Reputation: 11
I checked similar questions posted about slicing DFs in Python but they didn't explain the inconsistency I'm seeing in my exercise.
The code works with the known diamonds data frame. Top lines of the data frame are:
carat cut color clarity depth table price x y z
0 0.23 Ideal E SI2 61.5 55.0 326 3.95 3.98 2.43
1 0.21 Premium E SI1 59.8 61.0 326 3.89 3.84 2.31
2 0.23 Good E VS1 56.9 65.0 327 4.05 4.07 2.31
I have to create a slicing function which takes 4 arguments: DataFrame 'df', a column of that DataFrame 'col', the label of another column 'label' and two values 'val1' and 'val2'. The function will take the frame and output the entries of the column indicated by the 'label' argument for which the rows of the column 'col' are greater than the number 'val1' and less than 'val2'.
The following stand-alone piece of code gives me the correct answer:
diamonds.loc[(diamonds.carat > 1.1) & (diamonds.carat < 1.4),['price']]

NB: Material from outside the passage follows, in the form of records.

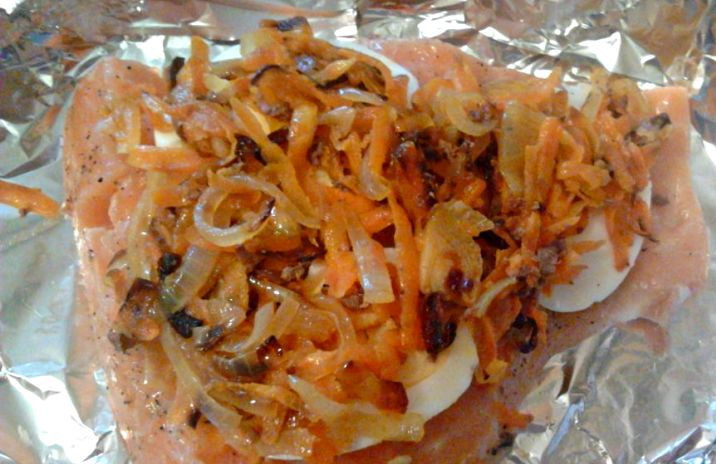 1. Этап. Семга с овощами в фольге: Далее мы отвариваем яйцо, а нарезанный лук и тертую морковь жарим на растительном масле до мягкости. Нарезаем яйцо ломтиками и выкладываем на рыбу, сверху делаем небольшую шапку из обжаренных овощей.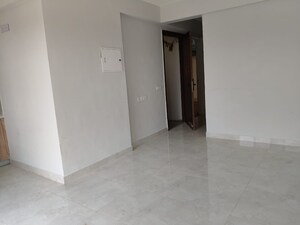 Room in 2 BHK Apartment at Signature Global City, Sector 37d – for Rent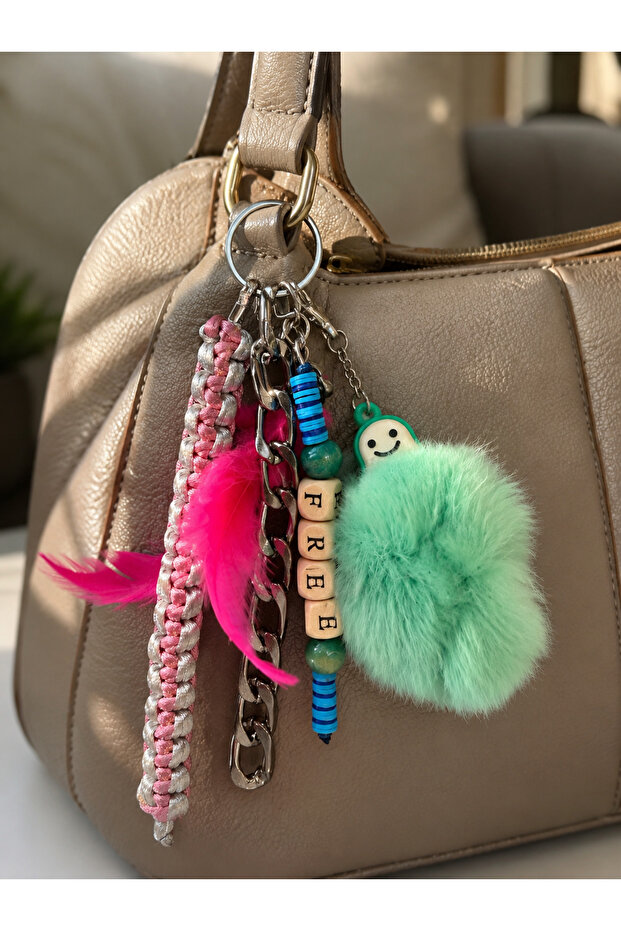 سلسلة مفاتيح فري مود أفوكادو تشارم مجانًا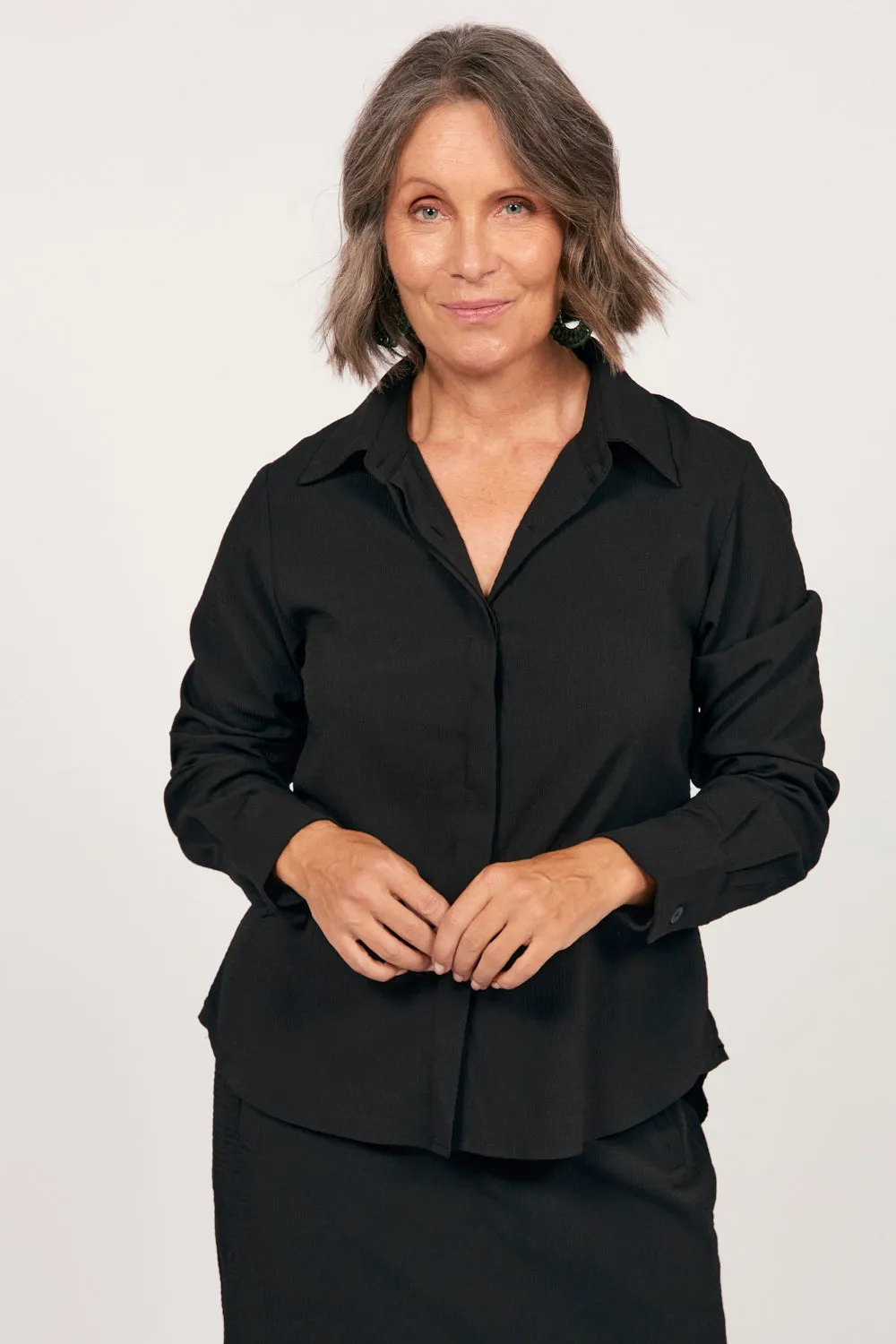 Relaxed Travel Shirt in Black sold by Adrift product image thumbnail 3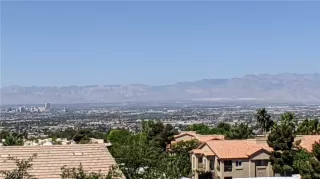 Photo #5: 2293427 Listing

and I get the price from the rows where the carat value is between 1.1 and 1.4.
However, when I try to use this syntax in a function, it doesn't work and I get an error.
Function:
def slice2(df,col,output_label,val1,val2):
res = df.loc[(col > val1) & (col < val2), ['output_label']]
return res
Function call:
slice2(diamonds,diamonds.carat,'price',1.1,1.4)
Error:
"None of [['output_label']] are in the [columns]"
Full traceback message:
---------------------------------------------------------------------------
KeyError Traceback (most recent call last)
<ipython-input-64-adc582faf6cc> in <module>()
----> 1 exercise2(test_df,test_df.carat,'price',1.1,1.4)
<ipython-input-63-556b71ba172d> in exercise2(df, col, output_label, val1, val2)
1 def exercise2(df,col,output_label,val1,val2):
----> 2 res = df.loc[(col > val1) & (col < val2), ['output_label']]
3 return res
/Users/jojo/Library/Enthought/Canopy/edm/envs/User/lib/python3.5/site-packages/pandas/core/indexing.py in __getitem__(self, key)
1323 except (KeyError, IndexError):
1324 pass
-> 1325 return self._getitem_tuple(key)
1326 else:
1327 key = com._apply_if_callable(key, self.obj)
/Users/jojo/Library/Enthought/Canopy/edm/envs/User/lib/python3.5/site-packages/pandas/core/indexing.py in _getitem_tuple(self, tup)
839
840 # no multi-index, so validate all of the indexers
--> 841 self._has_valid_tuple(tup)
842
843 # ugly hack for GH #836
/Users/jojo/Library/Enthought/Canopy/edm/envs/User/lib/python3.5/site-packages/pandas/core/indexing.py in _has_valid_tuple(self, key)
187 if i >= self.obj.ndim:
188 raise IndexingError('Too many indexers')
--> 189 if not self._has_valid_type(k, i):
190 raise ValueError("Location based indexing can only have [%s] "
191 "types" % self._valid_types)
/Users/jojo/Library/Enthought/Canopy/edm/envs/User/lib/python3.5/site-packages/pandas/core/indexing.py in _has_valid_type(self, key, axis)
1416
1417 raise KeyError("None of [%s] are in the [%s]" %
-> 1418 (key, self.obj._get_axis_name(axis)))
1419
1420 return True
KeyError: "None of [['output_label']] are in the [columns]"
I'm not very advanced in Python and after looking at this code for a while I haven't been able to figure out what the problem is. Maybe I'm blind to something obvious here and would appreciate any pointed on how to get the function to work or how to redo it so that it gives the same result as the single line code.
Thanks
Upvotes: 0
Views: 1006
Reputation: 602
In your function
def slice2(df,col,output_label,val1,val2):
res = df.loc[(col > val1) & (col < val2), ['output_label']]
return res
you are searching for the column with name 'output_label' instead of using your parameter (you are assigning its value directly instead of using your value!)
This should work:
def slice2(df,col,output_label,val1,val2):
res = df.loc[(col > val1) & (col < val2), [output_label]] # notice that there are not quotes
return res
Upvotes: 4